=== WORK REQUEST ===
As soon as the line containing "Villa ou maison" appears in the material below, start returning lines exactly, and end with the line containing "17082 W NORTHAMPTON Road, Surprise, AZ 85374".

=== PROVIDED RECORDS ===
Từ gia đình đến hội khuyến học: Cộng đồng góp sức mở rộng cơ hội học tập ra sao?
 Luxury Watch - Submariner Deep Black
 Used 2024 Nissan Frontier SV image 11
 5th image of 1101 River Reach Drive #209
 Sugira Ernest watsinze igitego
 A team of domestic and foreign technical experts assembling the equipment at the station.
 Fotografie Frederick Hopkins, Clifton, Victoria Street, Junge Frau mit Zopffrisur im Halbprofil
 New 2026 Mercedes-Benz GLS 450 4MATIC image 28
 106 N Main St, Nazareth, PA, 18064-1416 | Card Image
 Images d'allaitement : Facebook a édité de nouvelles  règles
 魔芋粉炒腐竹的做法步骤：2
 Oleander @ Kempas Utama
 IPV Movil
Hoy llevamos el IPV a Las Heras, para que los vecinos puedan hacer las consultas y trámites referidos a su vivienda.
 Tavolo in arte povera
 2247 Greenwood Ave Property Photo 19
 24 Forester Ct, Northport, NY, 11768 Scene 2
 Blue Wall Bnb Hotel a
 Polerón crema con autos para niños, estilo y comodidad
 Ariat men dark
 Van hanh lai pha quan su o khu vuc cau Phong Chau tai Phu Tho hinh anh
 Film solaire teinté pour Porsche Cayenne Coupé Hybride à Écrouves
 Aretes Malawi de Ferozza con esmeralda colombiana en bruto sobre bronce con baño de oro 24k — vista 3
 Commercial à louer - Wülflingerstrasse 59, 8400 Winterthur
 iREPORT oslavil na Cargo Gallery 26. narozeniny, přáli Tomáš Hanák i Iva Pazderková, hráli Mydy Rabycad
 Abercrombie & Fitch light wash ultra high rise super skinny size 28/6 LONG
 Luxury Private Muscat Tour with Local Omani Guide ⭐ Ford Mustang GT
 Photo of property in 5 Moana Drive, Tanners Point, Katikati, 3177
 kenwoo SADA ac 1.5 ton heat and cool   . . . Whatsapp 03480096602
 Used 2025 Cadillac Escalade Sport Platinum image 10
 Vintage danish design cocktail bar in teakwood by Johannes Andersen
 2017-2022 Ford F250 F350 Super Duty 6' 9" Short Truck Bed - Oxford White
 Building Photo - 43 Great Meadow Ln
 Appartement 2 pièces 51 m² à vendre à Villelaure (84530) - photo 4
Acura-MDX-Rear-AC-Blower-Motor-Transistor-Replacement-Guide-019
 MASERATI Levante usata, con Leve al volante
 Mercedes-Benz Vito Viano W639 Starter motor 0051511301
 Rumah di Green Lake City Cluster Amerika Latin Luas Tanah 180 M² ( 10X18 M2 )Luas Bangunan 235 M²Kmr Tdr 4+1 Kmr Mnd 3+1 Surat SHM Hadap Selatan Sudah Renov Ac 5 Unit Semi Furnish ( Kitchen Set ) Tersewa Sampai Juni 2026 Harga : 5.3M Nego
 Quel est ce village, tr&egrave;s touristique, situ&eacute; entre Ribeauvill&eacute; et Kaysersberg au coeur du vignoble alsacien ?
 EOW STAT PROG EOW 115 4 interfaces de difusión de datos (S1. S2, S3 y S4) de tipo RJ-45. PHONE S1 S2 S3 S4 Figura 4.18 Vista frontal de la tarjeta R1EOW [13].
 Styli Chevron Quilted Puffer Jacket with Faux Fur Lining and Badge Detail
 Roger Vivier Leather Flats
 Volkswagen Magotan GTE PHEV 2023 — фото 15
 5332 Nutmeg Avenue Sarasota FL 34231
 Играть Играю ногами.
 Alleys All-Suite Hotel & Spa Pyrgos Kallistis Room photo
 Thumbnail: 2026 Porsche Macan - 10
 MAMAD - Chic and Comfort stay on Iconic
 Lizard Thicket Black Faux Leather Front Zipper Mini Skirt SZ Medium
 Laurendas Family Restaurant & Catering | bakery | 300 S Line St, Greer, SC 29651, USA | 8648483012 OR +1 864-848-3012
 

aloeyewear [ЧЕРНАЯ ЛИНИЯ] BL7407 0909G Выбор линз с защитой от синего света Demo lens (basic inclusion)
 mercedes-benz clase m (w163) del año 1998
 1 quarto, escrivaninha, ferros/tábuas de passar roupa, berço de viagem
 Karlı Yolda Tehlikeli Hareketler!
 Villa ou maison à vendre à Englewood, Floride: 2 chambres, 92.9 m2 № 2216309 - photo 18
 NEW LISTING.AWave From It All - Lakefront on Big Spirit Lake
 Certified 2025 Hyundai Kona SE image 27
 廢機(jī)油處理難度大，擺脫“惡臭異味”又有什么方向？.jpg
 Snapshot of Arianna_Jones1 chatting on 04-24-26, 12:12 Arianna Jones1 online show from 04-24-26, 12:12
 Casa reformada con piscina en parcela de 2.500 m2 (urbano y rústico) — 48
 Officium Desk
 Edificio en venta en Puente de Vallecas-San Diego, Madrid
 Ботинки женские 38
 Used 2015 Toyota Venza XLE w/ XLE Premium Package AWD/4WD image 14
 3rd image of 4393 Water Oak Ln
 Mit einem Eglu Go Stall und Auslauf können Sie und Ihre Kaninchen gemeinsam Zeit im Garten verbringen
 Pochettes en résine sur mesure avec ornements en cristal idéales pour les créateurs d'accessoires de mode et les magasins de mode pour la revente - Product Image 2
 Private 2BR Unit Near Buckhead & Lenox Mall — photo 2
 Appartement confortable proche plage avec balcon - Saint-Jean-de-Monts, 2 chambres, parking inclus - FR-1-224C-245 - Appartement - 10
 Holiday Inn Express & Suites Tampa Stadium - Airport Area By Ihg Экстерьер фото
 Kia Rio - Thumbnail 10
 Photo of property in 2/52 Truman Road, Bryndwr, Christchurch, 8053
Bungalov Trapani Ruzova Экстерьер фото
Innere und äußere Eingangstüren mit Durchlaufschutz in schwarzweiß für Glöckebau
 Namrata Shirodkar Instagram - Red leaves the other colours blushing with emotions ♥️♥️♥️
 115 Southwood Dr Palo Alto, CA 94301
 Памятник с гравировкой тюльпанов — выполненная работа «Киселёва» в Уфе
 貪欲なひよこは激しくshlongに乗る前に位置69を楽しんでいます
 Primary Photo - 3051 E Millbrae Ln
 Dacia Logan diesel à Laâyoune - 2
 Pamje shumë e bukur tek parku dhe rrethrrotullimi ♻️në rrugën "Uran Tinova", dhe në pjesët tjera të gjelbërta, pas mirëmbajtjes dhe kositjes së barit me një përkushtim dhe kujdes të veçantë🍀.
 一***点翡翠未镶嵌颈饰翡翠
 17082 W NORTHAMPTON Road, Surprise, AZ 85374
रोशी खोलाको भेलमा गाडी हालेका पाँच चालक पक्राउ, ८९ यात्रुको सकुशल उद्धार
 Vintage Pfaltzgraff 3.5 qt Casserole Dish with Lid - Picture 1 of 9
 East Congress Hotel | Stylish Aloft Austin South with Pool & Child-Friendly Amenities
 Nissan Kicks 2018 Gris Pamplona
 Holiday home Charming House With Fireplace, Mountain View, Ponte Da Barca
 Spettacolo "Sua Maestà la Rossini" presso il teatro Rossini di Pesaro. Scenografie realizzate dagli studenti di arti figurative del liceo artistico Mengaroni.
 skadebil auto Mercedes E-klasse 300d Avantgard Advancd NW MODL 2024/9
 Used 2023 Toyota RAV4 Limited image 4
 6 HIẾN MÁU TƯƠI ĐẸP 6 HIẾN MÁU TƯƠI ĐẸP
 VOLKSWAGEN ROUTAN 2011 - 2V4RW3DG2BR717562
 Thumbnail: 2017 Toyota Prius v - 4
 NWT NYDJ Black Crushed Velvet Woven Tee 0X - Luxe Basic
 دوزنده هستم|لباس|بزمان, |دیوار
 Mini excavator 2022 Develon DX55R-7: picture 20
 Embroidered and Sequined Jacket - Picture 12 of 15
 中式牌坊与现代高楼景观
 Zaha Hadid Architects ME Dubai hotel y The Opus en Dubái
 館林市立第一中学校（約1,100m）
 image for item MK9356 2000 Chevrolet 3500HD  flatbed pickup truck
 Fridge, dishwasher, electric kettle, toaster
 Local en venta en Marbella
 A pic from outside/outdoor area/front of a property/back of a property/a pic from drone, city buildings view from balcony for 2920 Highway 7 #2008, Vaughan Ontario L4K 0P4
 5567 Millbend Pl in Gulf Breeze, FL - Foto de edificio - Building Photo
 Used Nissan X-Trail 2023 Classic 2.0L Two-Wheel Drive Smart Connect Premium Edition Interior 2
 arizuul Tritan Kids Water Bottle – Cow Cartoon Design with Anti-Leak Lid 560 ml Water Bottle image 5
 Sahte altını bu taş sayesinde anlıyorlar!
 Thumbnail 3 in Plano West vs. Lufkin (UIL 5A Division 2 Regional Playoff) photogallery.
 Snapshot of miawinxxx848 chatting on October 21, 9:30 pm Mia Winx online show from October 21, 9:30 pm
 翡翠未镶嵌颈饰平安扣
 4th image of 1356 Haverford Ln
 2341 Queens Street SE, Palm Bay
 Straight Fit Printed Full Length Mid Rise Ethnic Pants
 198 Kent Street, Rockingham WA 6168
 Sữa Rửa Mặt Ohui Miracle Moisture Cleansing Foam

=== ANSWER BOX ===
 Villa ou maison à vendre à Englewood, Floride: 2 chambres, 92.9 m2 № 2216309 - photo 18
 NEW LISTING.AWave From It All - Lakefront on Big Spirit Lake
 Certified 2025 Hyundai Kona SE image 27
 廢機(jī)油處理難度大，擺脫“惡臭異味”又有什么方向？.jpg
 Snapshot of Arianna_Jones1 chatting on 04-24-26, 12:12 Arianna Jones1 online show from 04-24-26, 12:12
 Casa reformada con piscina en parcela de 2.500 m2 (urbano y rústico) — 48
 Officium Desk
 Edificio en venta en Puente de Vallecas-San Diego, Madrid
 Ботинки женские 38
 Used 2015 Toyota Venza XLE w/ XLE Premium Package AWD/4WD image 14
 3rd image of 4393 Water Oak Ln
 Mit einem Eglu Go Stall und Auslauf können Sie und Ihre Kaninchen gemeinsam Zeit im Garten verbringen
 Pochettes en résine sur mesure avec ornements en cristal idéales pour les créateurs d'accessoires de mode et les magasins de mode pour la revente - Product Image 2
 Private 2BR Unit Near Buckhead & Lenox Mall — photo 2
 Appartement confortable proche plage avec balcon - Saint-Jean-de-Monts, 2 chambres, parking inclus - FR-1-224C-245 - Appartement - 10
 Holiday Inn Express & Suites Tampa Stadium - Airport Area By Ihg Экстерьер фото
 Kia Rio - Thumbnail 10
 Photo of property in 2/52 Truman Road, Bryndwr, Christchurch, 8053
Bungalov Trapani Ruzova Экстерьер фото
Innere und äußere Eingangstüren mit Durchlaufschutz in schwarzweiß für Glöckebau
 Namrata Shirodkar Instagram - Red leaves the other colours blushing with emotions ♥️♥️♥️
 115 Southwood Dr Palo Alto, CA 94301
 Памятник с гравировкой тюльпанов — выполненная работа «Киселёва» в Уфе
 貪欲なひよこは激しくshlongに乗る前に位置69を楽しんでいます
 Primary Photo - 3051 E Millbrae Ln
 Dacia Logan diesel à Laâyoune - 2
 Pamje shumë e bukur tek parku dhe rrethrrotullimi ♻️në rrugën "Uran Tinova", dhe në pjesët tjera të gjelbërta, pas mirëmbajtjes dhe kositjes së barit me një përkushtim dhe kujdes të veçantë🍀.
 一***点翡翠未镶嵌颈饰翡翠
 17082 W NORTHAMPTON Road, Surprise, AZ 85374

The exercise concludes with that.